» **YOUR INSTRUCTIONS**
State how many lines in the listing contain the string "Pack", and add nothing to that number.

» **DATA FOR REVIEW**
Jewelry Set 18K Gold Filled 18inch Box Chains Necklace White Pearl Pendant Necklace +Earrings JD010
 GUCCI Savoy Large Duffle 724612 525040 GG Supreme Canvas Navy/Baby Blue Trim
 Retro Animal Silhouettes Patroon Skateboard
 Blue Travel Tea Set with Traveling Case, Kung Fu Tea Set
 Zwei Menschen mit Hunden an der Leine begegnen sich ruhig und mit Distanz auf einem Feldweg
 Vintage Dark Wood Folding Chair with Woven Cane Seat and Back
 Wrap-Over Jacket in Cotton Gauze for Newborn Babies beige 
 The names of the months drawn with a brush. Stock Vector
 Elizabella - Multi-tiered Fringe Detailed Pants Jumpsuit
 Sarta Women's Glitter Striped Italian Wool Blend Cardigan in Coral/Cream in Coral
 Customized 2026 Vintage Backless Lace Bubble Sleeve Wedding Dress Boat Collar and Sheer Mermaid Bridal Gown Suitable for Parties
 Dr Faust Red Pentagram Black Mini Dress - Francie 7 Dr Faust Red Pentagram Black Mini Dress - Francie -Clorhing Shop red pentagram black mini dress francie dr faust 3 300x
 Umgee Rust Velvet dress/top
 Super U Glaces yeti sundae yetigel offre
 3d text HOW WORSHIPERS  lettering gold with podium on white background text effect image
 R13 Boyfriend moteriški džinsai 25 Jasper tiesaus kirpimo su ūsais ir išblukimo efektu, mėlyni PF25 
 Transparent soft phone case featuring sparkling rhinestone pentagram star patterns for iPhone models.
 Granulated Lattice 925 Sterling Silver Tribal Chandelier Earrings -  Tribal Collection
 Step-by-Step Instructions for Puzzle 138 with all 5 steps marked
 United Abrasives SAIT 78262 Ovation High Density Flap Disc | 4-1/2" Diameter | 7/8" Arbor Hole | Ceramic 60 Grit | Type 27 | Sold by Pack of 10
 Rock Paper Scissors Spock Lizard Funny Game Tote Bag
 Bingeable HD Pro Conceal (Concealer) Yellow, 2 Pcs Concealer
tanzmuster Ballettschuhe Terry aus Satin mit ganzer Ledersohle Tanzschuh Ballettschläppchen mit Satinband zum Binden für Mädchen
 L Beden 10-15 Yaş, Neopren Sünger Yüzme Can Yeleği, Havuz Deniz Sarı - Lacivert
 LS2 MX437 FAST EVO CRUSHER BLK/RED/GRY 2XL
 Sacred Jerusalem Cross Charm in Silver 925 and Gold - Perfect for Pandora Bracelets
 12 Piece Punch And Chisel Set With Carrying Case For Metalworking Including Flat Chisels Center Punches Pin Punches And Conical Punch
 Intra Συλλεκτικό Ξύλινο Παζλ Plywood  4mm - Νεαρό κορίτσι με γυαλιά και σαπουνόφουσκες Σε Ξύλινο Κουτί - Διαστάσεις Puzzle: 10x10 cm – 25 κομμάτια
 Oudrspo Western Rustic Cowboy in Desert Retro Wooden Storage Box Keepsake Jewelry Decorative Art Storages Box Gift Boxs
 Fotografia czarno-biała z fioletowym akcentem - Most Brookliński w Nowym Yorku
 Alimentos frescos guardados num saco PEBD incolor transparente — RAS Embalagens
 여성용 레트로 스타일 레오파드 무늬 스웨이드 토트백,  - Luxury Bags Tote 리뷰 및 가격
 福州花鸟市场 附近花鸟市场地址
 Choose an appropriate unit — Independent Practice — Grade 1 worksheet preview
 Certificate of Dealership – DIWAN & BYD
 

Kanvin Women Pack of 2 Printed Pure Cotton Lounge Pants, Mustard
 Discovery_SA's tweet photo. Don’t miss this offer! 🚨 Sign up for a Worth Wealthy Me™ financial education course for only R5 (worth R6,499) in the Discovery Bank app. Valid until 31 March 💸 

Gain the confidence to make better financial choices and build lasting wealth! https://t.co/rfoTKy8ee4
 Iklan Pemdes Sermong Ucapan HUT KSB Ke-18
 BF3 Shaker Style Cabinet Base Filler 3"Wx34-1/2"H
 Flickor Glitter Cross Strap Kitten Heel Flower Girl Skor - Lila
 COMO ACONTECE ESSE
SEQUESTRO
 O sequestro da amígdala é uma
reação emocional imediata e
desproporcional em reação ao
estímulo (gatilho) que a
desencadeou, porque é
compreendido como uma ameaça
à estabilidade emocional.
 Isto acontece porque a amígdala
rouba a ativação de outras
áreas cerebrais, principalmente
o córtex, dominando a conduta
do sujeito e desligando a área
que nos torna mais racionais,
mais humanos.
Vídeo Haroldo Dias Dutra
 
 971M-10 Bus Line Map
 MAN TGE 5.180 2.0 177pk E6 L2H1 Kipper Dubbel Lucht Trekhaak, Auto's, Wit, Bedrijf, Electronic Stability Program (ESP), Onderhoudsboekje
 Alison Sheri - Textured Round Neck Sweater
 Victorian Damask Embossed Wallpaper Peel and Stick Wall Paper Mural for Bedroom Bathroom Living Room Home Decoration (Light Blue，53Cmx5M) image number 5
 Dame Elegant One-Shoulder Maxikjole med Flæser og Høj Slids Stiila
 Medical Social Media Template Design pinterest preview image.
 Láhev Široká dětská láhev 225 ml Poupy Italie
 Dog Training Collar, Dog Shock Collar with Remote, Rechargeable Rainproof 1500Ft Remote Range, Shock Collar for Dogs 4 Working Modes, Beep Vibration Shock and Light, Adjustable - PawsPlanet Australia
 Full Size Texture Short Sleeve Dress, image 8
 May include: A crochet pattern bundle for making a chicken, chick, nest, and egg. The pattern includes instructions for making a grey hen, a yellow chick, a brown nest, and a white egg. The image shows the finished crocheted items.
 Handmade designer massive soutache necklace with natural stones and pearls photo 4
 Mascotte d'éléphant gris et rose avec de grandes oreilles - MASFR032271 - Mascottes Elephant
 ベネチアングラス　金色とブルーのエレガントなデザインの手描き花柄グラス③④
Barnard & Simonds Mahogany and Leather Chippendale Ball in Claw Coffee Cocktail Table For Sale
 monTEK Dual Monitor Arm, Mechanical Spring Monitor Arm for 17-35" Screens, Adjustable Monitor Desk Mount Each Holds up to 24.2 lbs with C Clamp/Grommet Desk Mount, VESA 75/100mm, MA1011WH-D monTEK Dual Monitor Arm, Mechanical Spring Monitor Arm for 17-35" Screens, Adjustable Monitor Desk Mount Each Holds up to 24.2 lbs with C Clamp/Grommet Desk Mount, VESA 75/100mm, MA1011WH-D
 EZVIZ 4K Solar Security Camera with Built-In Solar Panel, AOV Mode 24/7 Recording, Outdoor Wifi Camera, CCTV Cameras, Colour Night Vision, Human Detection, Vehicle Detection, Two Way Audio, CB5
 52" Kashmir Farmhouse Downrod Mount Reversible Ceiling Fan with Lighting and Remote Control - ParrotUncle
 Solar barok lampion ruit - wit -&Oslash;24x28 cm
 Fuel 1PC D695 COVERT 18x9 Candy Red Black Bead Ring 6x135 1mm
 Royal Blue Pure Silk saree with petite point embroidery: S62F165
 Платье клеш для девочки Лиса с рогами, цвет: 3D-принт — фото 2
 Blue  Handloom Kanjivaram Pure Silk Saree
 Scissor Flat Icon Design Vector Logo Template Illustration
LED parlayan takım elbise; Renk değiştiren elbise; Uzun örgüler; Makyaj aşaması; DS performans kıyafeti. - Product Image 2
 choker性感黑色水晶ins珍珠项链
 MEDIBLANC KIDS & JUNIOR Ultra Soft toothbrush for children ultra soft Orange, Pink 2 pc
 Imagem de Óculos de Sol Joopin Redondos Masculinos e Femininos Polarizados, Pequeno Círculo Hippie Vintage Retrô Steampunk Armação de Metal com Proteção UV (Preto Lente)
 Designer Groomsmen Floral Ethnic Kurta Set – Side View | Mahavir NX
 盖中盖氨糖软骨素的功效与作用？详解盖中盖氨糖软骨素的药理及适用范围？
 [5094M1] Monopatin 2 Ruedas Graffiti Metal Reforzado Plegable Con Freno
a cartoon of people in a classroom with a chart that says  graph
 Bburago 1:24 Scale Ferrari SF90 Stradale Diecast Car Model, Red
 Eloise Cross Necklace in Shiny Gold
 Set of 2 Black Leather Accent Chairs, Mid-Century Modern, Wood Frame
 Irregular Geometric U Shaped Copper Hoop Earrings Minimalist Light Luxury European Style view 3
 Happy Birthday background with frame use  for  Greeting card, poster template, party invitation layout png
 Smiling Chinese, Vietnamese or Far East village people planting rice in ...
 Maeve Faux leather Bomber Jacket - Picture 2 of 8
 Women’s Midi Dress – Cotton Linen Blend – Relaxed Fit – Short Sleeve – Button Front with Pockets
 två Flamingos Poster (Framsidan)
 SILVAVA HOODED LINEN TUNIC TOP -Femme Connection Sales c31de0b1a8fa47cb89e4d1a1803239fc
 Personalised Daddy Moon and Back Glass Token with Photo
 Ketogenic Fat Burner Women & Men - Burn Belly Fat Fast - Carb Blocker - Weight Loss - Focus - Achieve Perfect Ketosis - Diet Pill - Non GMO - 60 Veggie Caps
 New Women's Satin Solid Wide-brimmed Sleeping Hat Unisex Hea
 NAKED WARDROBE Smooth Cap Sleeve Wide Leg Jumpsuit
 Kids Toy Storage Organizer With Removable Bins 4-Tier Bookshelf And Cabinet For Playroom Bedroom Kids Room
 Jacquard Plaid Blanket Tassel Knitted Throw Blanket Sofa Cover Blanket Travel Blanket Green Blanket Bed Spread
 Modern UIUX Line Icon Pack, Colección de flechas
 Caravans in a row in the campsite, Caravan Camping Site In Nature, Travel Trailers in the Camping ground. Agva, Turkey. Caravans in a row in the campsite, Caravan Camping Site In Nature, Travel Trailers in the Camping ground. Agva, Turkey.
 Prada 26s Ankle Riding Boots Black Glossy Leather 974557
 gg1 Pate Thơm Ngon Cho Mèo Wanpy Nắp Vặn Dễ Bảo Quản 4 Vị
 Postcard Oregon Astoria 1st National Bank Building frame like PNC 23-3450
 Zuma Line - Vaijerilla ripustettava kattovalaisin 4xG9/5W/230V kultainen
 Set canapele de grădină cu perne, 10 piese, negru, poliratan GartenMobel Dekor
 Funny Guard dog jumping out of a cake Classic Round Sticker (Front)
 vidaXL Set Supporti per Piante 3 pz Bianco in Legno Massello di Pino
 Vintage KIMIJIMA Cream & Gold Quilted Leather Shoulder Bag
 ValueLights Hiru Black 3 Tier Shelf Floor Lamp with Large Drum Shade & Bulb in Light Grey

» **OUTPUT FOR THIS EXERCISE**
3